What I don't understand about this plan(assuming it isn't mere rumor) is that the linux-based OS is supposed to be for cheap, low-spec phones that their new MS/Nokia BFF WP7 deal doesn't provide them with an OS suitable for...
Their MeeGo/QT work, now orphaned, was largely aimed at higher end smartphones, the same ones that are now going to be WP7 devices. None of the linux-with-custom-stuff-on-top phone OSes(MeeGo, Android, WebOS) work particularly well on sub-smartphone hardware. They are powerful, have some nice features, and don't suffer from some of the horrid, idiosyncratic development environments of the old dumbphone and featurephone OSes; but they don't actually scale down very far before you are looking at some seriously dire performance, RAM so limited that multitasking is largely a theoretical benefit, and a screen so lousy that your decent browser is nearly useless for anything that isn't a deeply spartan 'mobile' website that a 1997 WAP phone could have rendered....

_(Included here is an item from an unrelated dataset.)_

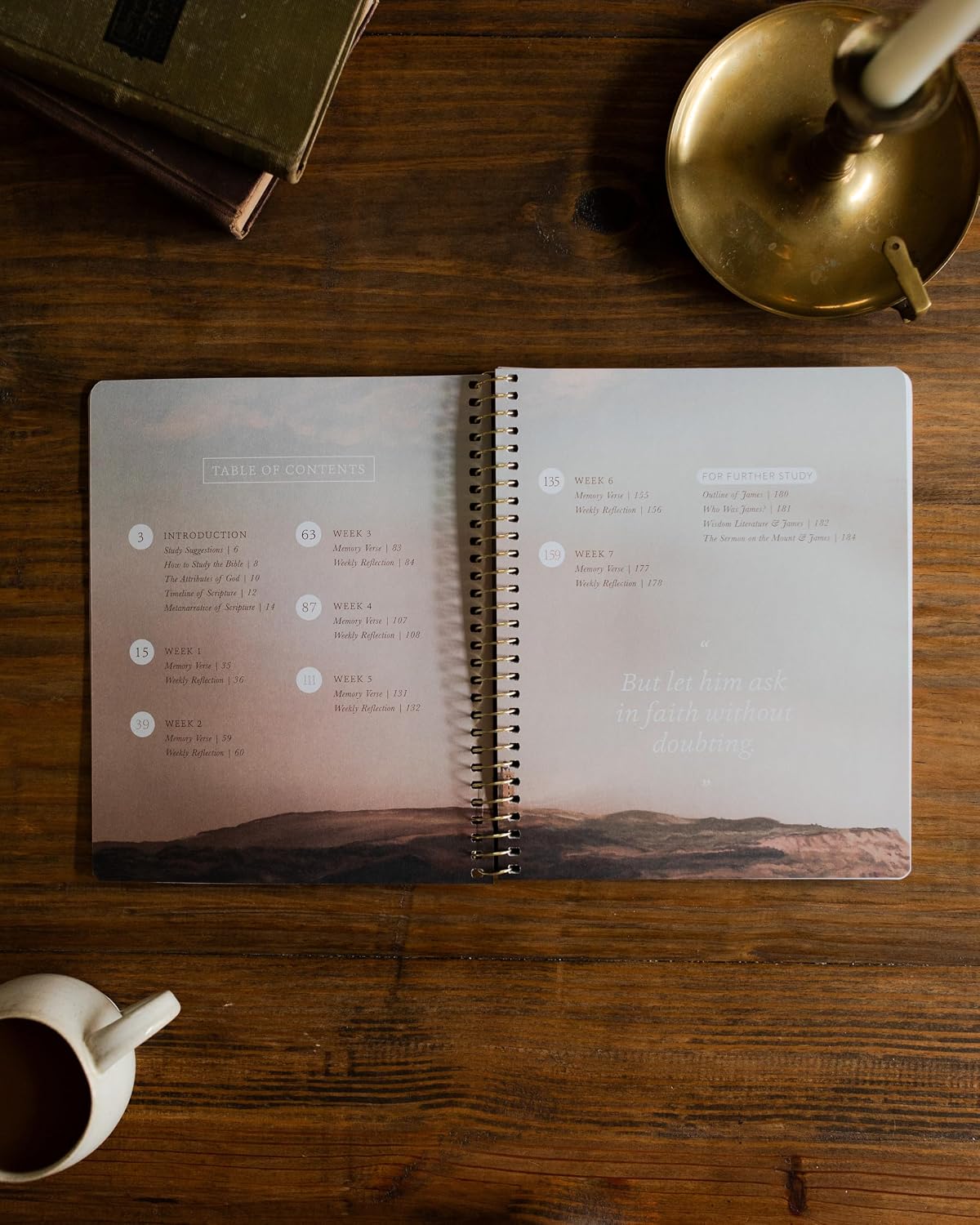 Detalle de The Daily Grace Co. James | The Steadfast Life Bible Study, 7-Week Spiral-Bound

That's what I don't understand: Linux-based systems definitely have their points on more powerful hardware, and Nokia has access to one of their own(in addition to doing an adroid hostile-fork, as Amazon did); but they aren't so hot on weaker hardware(Exercise: grab a copy of the debian m68k port and replicate the features of, say, a Palm III, in 2MB of ROM, 2MB of RAM, and a 16MHz processor....). Nokia also has a number of eccentric and crufty; but eminently suited to very-low-spec phones OSes available. Why would they possibly be spinning Yet Another Linux WIth Something Weird On Top Of It OS?
Is there any level on which this decision makes sense in light of Nokia's direction?

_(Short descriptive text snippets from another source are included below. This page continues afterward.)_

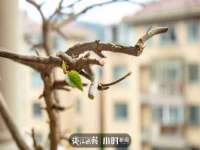 义乌市翊言电子商务商行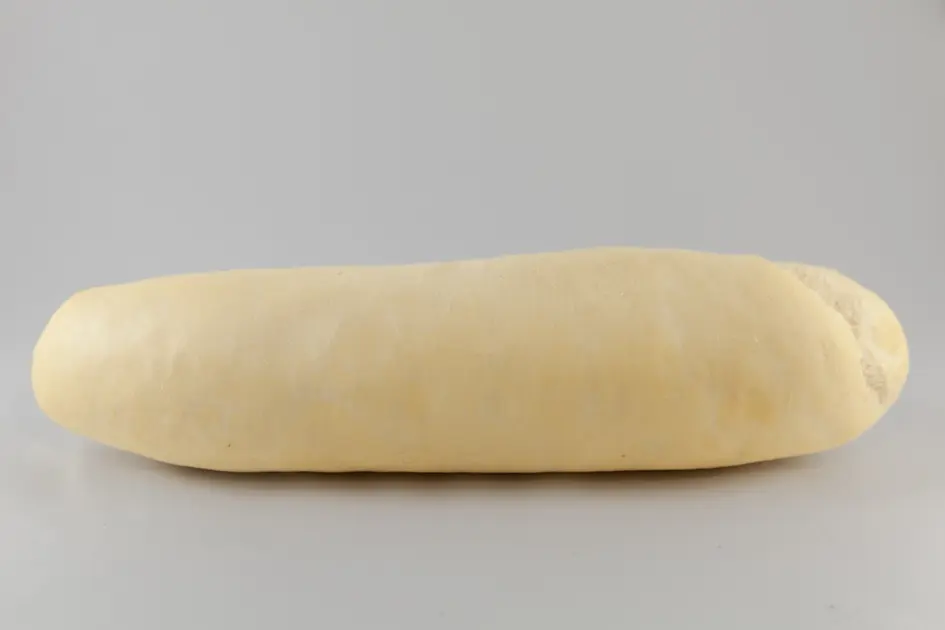 Panini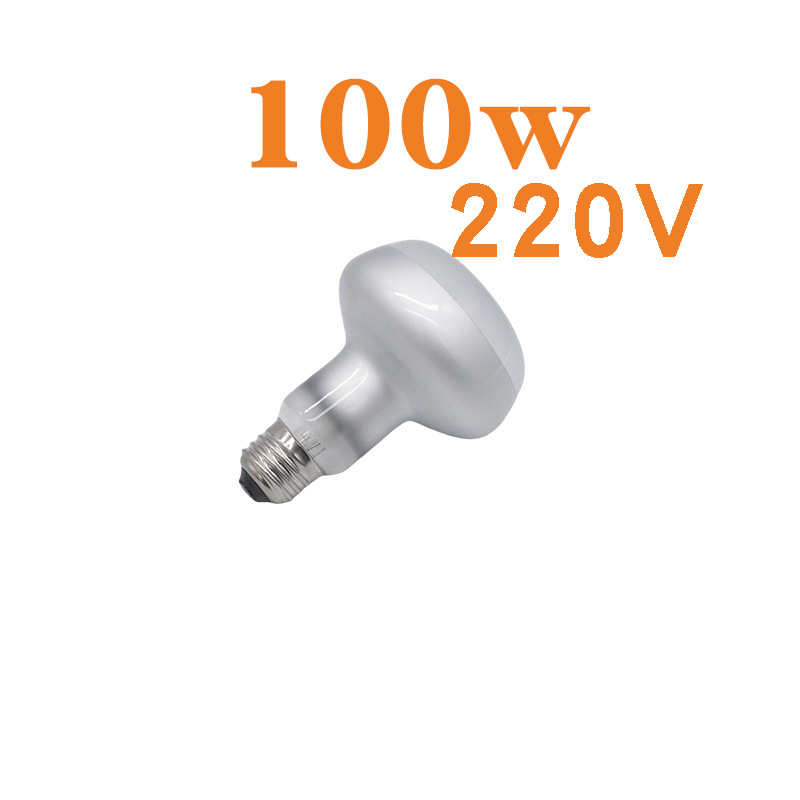 R80 사막 태양 램프 220V 100w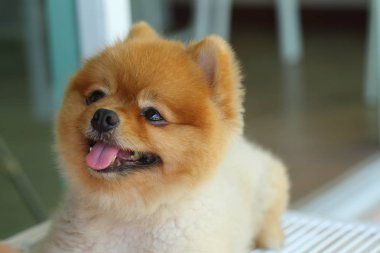 Genç Pomeranya 'lı küçük sevimli köpek, mutlu hayvan dostu.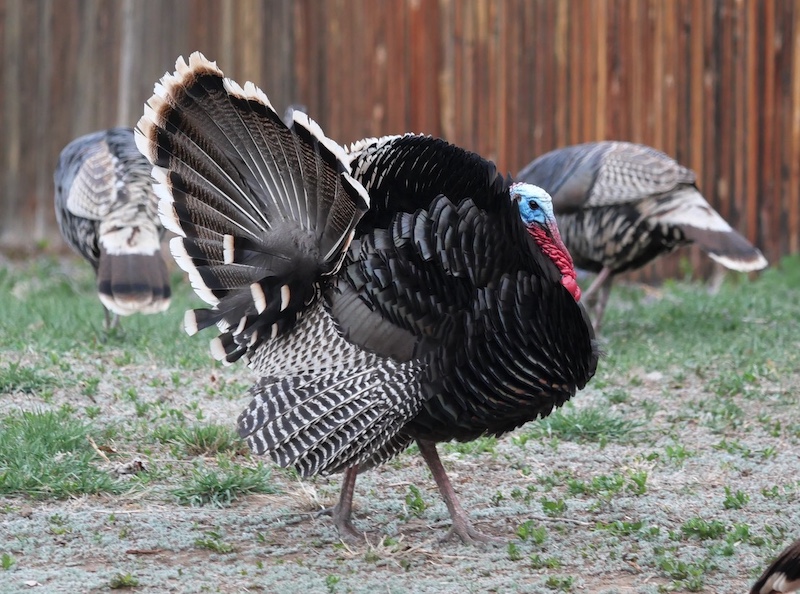 Wild Turkey, Coal Creek Trail, Aquarius Trailhead, Louisville, Colorado (March 2025).     <a rel=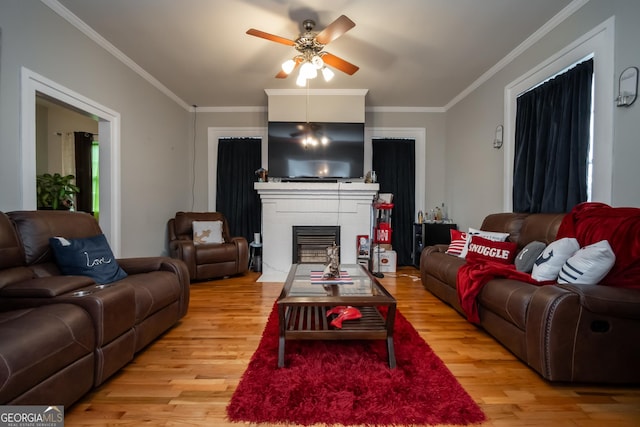 living room with ceiling fan, ornamental molding, and light wood-type flooring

Looks like different factions within Nokia competing/fighting against each other.
I believe that Microsoft can do whatever they want with Nokia.
The board chose a CEO who did nothing visible, then forced Nokia into dependence on Microsoft. The shareholders reacted by selling madly. I don't know what Nokia's goals are aside from selling phones, but they don't seem to be reacting fast enough (especially with Elop pulling a multi-Osborne at the start of the year.)
So yeah, I expect that if MS tells Nokia to marginalize or kill something off, they'll try as hard as they can to do so. Elop has to stay on good terms with them or he'll ride Nokia into the gutter.
Cheap low end hardware has changed since the Palm III
They are probably thinking about an 600-800MHz ARM9/11 cpu with 128-256MB of RAM, with a GPU that can still draw 30 million triangles per second and play 1080p videos (like say the 25$ raspberry pi coming out this november). Also Nokia is moving upcoming Qt 5 rendering to run almost entirely on OpenGL (ES). This will probably make the UI on such devices (GPU with a cpu tacked on) smoother than on a high end Android 2.x phone.
Then again, they could just as well do this on existing Symbian devices.
Indeed, it is best left unspoken lest regulators have evidence later on.
Yet Nokia, a company with some management issues, gets an ex-Microsoft CEO and suddenly burns down everything they had invested in, in exchange for a dependency on a company known to destroy "partners."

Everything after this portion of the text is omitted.